◆ **Description of the task**: Among the entries below, take the line with "The Young Cricketer: Portrait" and the line with "91家纺网 家纺一手货源 找家纺", and output them and every line between them exactly, with nothing else.

◆ **Data supplied**:
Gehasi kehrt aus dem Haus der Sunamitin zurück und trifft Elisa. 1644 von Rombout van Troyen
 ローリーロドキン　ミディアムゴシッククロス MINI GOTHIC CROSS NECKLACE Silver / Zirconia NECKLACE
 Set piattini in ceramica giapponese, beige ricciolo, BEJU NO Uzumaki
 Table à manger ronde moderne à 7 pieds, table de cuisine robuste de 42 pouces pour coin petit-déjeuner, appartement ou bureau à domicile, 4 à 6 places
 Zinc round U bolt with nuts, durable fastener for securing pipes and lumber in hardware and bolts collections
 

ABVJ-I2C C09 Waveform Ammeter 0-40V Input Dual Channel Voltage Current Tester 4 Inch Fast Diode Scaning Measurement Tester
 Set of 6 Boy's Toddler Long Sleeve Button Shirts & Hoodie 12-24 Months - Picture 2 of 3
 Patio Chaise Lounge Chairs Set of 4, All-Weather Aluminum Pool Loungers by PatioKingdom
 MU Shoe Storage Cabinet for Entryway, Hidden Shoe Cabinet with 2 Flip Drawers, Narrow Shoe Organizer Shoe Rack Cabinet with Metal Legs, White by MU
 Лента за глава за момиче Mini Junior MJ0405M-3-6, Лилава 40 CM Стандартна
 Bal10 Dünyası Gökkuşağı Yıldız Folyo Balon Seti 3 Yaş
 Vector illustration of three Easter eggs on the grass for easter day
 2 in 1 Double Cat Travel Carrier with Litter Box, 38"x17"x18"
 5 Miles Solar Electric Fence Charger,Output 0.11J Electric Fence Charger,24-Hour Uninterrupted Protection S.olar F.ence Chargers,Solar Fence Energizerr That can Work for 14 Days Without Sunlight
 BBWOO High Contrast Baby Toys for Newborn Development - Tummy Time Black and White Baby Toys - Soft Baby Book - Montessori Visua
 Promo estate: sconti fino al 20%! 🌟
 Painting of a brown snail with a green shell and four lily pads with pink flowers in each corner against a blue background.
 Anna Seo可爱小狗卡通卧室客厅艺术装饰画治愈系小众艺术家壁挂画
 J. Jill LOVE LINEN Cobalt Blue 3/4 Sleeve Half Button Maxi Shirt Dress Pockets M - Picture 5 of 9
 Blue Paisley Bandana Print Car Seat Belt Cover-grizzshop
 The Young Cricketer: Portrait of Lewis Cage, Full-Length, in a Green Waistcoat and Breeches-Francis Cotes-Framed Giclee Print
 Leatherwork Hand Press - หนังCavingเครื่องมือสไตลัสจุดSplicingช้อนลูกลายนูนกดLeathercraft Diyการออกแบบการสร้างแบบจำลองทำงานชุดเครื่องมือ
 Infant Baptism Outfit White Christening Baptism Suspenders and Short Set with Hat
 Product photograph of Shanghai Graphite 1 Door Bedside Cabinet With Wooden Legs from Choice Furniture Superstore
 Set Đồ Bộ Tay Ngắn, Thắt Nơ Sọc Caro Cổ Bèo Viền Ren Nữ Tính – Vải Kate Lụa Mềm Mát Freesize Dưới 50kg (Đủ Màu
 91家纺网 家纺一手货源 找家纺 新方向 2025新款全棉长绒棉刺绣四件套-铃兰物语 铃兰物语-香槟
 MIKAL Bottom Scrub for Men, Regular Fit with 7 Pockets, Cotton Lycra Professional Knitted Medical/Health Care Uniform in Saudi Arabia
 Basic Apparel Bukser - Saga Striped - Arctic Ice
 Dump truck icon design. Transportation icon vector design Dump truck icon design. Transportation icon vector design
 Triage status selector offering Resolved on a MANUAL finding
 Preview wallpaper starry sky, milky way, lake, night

◆ **Expected answer**:
 The Young Cricketer: Portrait of Lewis Cage, Full-Length, in a Green Waistcoat and Breeches-Francis Cotes-Framed Giclee Print
 Leatherwork Hand Press - หนังCavingเครื่องมือสไตลัสจุดSplicingช้อนลูกลายนูนกดLeathercraft Diyการออกแบบการสร้างแบบจำลองทำงานชุดเครื่องมือ
 Infant Baptism Outfit White Christening Baptism Suspenders and Short Set with Hat
 Product photograph of Shanghai Graphite 1 Door Bedside Cabinet With Wooden Legs from Choice Furniture Superstore
 Set Đồ Bộ Tay Ngắn, Thắt Nơ Sọc Caro Cổ Bèo Viền Ren Nữ Tính – Vải Kate Lụa Mềm Mát Freesize Dưới 50kg (Đủ Màu
 91家纺网 家纺一手货源 找家纺 新方向 2025新款全棉长绒棉刺绣四件套-铃兰物语 铃兰物语-香槟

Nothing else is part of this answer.